Goal of the exercise: Using the entries below, transcribe exactly the line containing "4018 Kalmar Drive Indianapolis IN 46222" and each line that follows it to the end.

= Beginning of Section =

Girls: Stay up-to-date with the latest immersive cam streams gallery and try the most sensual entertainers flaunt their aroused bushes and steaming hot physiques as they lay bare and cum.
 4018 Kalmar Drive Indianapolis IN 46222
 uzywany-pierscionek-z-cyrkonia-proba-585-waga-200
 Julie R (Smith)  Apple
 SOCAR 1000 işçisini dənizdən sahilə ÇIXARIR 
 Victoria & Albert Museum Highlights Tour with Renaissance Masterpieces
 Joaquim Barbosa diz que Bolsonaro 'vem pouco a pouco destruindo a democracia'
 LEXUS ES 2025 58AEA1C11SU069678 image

= End of Section =

Output of the exercise:
 4018 Kalmar Drive Indianapolis IN 46222
 uzywany-pierscionek-z-cyrkonia-proba-585-waga-200
 Julie R (Smith)  Apple
 SOCAR 1000 işçisini dənizdən sahilə ÇIXARIR 
 Victoria & Albert Museum Highlights Tour with Renaissance Masterpieces
 Joaquim Barbosa diz que Bolsonaro 'vem pouco a pouco destruindo a democracia'
 LEXUS ES 2025 58AEA1C11SU069678 image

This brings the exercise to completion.